Sur Europe 1, l’émission animée par Laurent Guimier traque la tendance et l’actualité par le prisme du Net. Pas vraiment révolutionnaire…
par Erwan Cario
publié le 31 août 2011 à 10h37
(mis à jour le 31 août 2011 à 11h17)

Ce pourrait être une énième émission radio de débat sur l'actualité du jour, avec invités et chroniqueurs, qui donne la parole aux auditeurs. Mais non, il ne faut pas s'y tromper. Du lundi au jeudi, de 20 heures à 21 heures, avec Des clics et des claques , Europe 1 fait dans le moderne et le connecté. Rien à voir avec la radio d'antan. Ici, on parle de Twitter, de Facebook, du Web et du mail. Sans oublier le sacro-saint «buzz-sur-Internet» , répété ad nauseam . L'émission est conduite par Laurent Guimier, qui dirige aussi les sites d'information de Lagardère Active, accompagné de ses «aiguilleurs du Web» , Guy Birenbaum et David Abiker (absent en première semaine).

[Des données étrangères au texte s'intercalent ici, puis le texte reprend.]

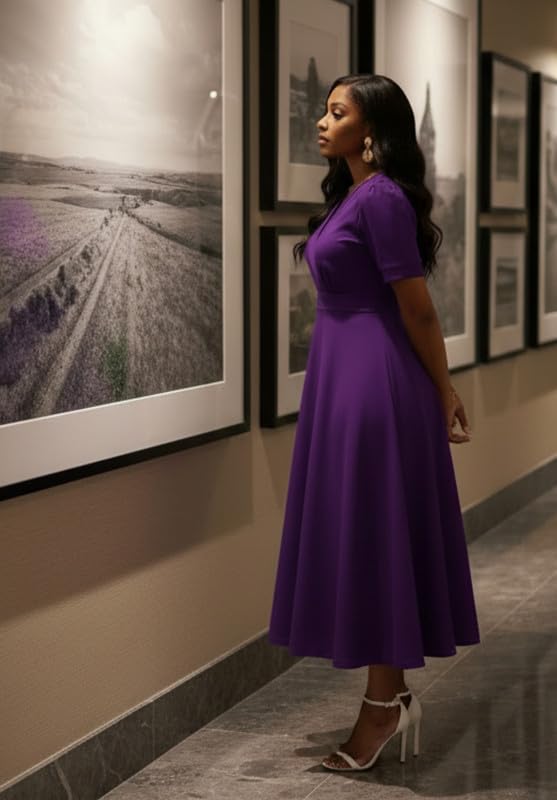 Image of MarryUP Women's Midi Dresses - V Neck Cocktail & Church Tea Dresses - Short Sleeve A-Line Swing Dress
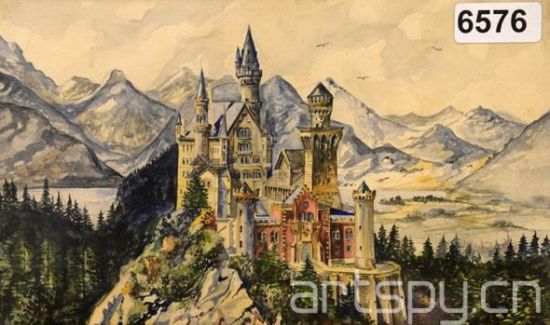希特勒描绘新天鹅堡的作品，图片来自法新社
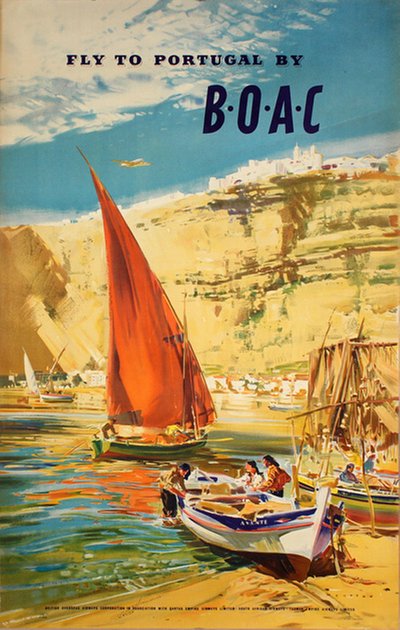 Fly to Portugal by BOAC  original poster designed by Wootton, Frank (1911-1998)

Le concept, Guimier l'a expliqué en introduction de la toute première émission : «Parler en toute liberté de tout ce qui buzze sur Internet et donc de vos conversations à la maison ou au boulot demain.» Et que buzze-t-il donc, ce diable d'Internet ? La semaine dernière, entre autres : DSK, la Libye, les JMJ et la rigueur économique. On a certes vu plus numériques, comme sujets, mais pas d'inquiétude, oubliés les vieux débats à la naphtaline, ici, on tweete du hashtag pour réagir en direct (et en toute liberté, bien sûr) et c'est signalé grâce à un petit cui-cui sonore du meilleur goût. Ça change tout. Par exemple, sur DSK, un internaute : «Franchement, même s'il est disculpé, il peut difficilement revenir sur la scène politique, il va faire tête basse.» Eh oui, 140 signes, c'est bien connu, ça favorise l'originalité et la pertinence !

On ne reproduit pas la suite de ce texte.